The Meredith Whitney ‘zombie banks’ interview on CNBC
By Chris ClairMeredith Whitney, founder and Chief Executive of the Meredith Whitney Advisory Group, was a guest host on CNBC’s Squawk Box Wednesday morning. At the beginning of the show, she explained why now isn’t such a good time to be buying financial institutions.
“The banks … the large banks, which dominate most of the lending in the United States, are effectively zombie banks because number one, they still have sludgy assets on their balance sheets that they’re working off over time, and number two they are capital constrained because they are required to hold more capital so they have to de-lever. The U.S. consumer is de-levering therefore the banks have to de-lever because they’re not serving as many consumers and so you’ve got an expense structure, then, that just doesn’t match the revenue structure, and so it’s classic case of negative operating leverage, and so you don’t buy institutions that have negative operating leverage.”
She went on to say the banks are going through a multi-year cycle of business change.

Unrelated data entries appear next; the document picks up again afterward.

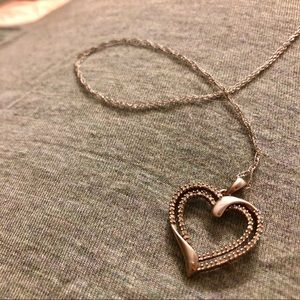Diamond Heart Necklace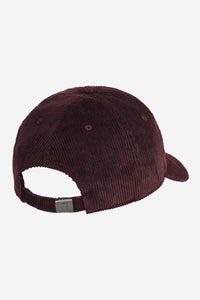 Carhartt Wip HARLEM CAP Amarone / White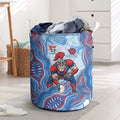 Newcastle Knights NAIDOC Week 2026 Laundry Basket First Nations of Australia Aboriginal Mascot Rugby
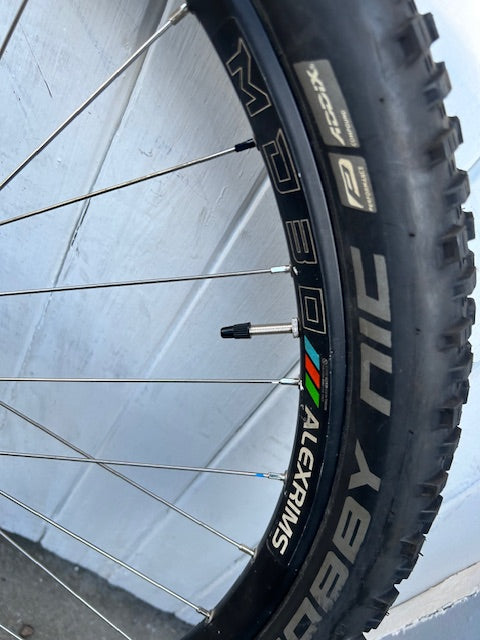 Alex Rims MD 30 29" MTB DISC Rear QR Wheel (one wheel)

Other highlights from this segment:
1:40 – The big banks are too big to move right now. In 10 years, they will look very different.
2:25 – Regarding Bank of America and the on the dissimilarity between today’s problems and 2007/2008: “This is not a liquidity issue for the U.S. banks, this is not a solvency issue for the U.S. banks. They know what the problems are, it just takes a long time to fix it…. Part of the problem in ‘07 was no one had any idea what the real issues were. We know what the issues are today….” She called Brian Moynihan the “right guy for the job” of fixing BofA, but said the work won’t be glamorous. She also said BofA isn’t going out of business.
4:40 – Today’s markets remind Whitney more of “the ’70s” than 2008. “I think the market’s harder now than it was in 2008 because it’s a constant beat-down. These are structural economic problems that we face, which is nothing to do with … I mean obviously there’s been incredible volatility in the market, but huge swings in terms of uncertainty.”